Return each of the entries below word for word.

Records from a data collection
########################################
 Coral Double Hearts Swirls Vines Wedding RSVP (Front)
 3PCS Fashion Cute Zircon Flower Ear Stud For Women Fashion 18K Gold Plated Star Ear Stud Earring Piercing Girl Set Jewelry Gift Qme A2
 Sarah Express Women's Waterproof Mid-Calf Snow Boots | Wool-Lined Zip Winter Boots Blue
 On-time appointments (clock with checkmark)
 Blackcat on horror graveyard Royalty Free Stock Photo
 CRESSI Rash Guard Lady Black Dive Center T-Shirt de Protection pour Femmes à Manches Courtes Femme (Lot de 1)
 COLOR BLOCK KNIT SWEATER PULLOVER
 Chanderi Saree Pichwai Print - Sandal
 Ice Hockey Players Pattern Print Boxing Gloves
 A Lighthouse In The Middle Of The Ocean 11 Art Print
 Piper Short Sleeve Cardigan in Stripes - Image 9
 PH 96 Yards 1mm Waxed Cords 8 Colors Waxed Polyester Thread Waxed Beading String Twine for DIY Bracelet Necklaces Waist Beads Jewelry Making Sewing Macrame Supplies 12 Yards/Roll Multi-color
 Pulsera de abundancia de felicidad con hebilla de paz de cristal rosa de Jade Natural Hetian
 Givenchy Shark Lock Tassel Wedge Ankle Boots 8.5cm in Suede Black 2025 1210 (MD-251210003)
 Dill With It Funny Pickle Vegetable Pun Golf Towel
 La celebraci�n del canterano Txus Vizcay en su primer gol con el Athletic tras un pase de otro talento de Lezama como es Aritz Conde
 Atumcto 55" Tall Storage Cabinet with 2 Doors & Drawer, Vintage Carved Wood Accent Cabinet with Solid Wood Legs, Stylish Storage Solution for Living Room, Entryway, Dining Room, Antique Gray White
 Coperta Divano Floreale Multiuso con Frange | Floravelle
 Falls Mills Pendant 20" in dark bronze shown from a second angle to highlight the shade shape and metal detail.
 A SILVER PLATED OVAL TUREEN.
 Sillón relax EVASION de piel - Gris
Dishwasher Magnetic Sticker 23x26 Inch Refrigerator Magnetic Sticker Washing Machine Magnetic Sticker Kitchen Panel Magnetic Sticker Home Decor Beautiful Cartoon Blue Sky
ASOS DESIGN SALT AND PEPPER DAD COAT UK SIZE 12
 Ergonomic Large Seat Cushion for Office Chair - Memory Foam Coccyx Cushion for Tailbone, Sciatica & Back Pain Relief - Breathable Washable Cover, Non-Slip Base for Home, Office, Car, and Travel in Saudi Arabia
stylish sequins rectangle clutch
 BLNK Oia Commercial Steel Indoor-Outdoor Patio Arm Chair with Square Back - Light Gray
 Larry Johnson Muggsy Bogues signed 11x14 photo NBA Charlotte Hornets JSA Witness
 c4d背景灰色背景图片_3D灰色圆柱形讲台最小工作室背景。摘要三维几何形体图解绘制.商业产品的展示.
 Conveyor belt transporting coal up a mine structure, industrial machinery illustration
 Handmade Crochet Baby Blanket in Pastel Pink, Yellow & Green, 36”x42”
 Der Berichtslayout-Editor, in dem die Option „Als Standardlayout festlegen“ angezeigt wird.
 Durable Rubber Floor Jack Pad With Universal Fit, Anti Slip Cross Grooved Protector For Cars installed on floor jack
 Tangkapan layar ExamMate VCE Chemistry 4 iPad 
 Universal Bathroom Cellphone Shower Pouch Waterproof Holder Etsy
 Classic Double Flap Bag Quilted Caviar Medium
########################################
* _SOLUTION TO THE PROBLEM_:
 Coral Double Hearts Swirls Vines Wedding RSVP (Front)
 3PCS Fashion Cute Zircon Flower Ear Stud For Women Fashion 18K Gold Plated Star Ear Stud Earring Piercing Girl Set Jewelry Gift Qme A2
 Sarah Express Women's Waterproof Mid-Calf Snow Boots | Wool-Lined Zip Winter Boots Blue
 On-time appointments (clock with checkmark)
 Blackcat on horror graveyard Royalty Free Stock Photo
 CRESSI Rash Guard Lady Black Dive Center T-Shirt de Protection pour Femmes à Manches Courtes Femme (Lot de 1)
 COLOR BLOCK KNIT SWEATER PULLOVER
 Chanderi Saree Pichwai Print - Sandal
 Ice Hockey Players Pattern Print Boxing Gloves
 A Lighthouse In The Middle Of The Ocean 11 Art Print
 Piper Short Sleeve Cardigan in Stripes - Image 9
 PH 96 Yards 1mm Waxed Cords 8 Colors Waxed Polyester Thread Waxed Beading String Twine for DIY Bracelet Necklaces Waist Beads Jewelry Making Sewing Macrame Supplies 12 Yards/Roll Multi-color
 Pulsera de abundancia de felicidad con hebilla de paz de cristal rosa de Jade Natural Hetian
 Givenchy Shark Lock Tassel Wedge Ankle Boots 8.5cm in Suede Black 2025 1210 (MD-251210003)
 Dill With It Funny Pickle Vegetable Pun Golf Towel
 La celebraci�n del canterano Txus Vizcay en su primer gol con el Athletic tras un pase de otro talento de Lezama como es Aritz Conde
 Atumcto 55" Tall Storage Cabinet with 2 Doors & Drawer, Vintage Carved Wood Accent Cabinet with Solid Wood Legs, Stylish Storage Solution for Living Room, Entryway, Dining Room, Antique Gray White
 Coperta Divano Floreale Multiuso con Frange | Floravelle
 Falls Mills Pendant 20" in dark bronze shown from a second angle to highlight the shade shape and metal detail.
 A SILVER PLATED OVAL TUREEN.
 Sillón relax EVASION de piel - Gris
Dishwasher Magnetic Sticker 23x26 Inch Refrigerator Magnetic Sticker Washing Machine Magnetic Sticker Kitchen Panel Magnetic Sticker Home Decor Beautiful Cartoon Blue Sky
ASOS DESIGN SALT AND PEPPER DAD COAT UK SIZE 12
 Ergonomic Large Seat Cushion for Office Chair - Memory Foam Coccyx Cushion for Tailbone, Sciatica & Back Pain Relief - Breathable Washable Cover, Non-Slip Base for Home, Office, Car, and Travel in Saudi Arabia
stylish sequins rectangle clutch
 BLNK Oia Commercial Steel Indoor-Outdoor Patio Arm Chair with Square Back - Light Gray
 Larry Johnson Muggsy Bogues signed 11x14 photo NBA Charlotte Hornets JSA Witness
 c4d背景灰色背景图片_3D灰色圆柱形讲台最小工作室背景。摘要三维几何形体图解绘制.商业产品的展示.
 Conveyor belt transporting coal up a mine structure, industrial machinery illustration
 Handmade Crochet Baby Blanket in Pastel Pink, Yellow & Green, 36”x42”
 Der Berichtslayout-Editor, in dem die Option „Als Standardlayout festlegen“ angezeigt wird.
 Durable Rubber Floor Jack Pad With Universal Fit, Anti Slip Cross Grooved Protector For Cars installed on floor jack
 Tangkapan layar ExamMate VCE Chemistry 4 iPad 
 Universal Bathroom Cellphone Shower Pouch Waterproof Holder Etsy
 Classic Double Flap Bag Quilted Caviar Medium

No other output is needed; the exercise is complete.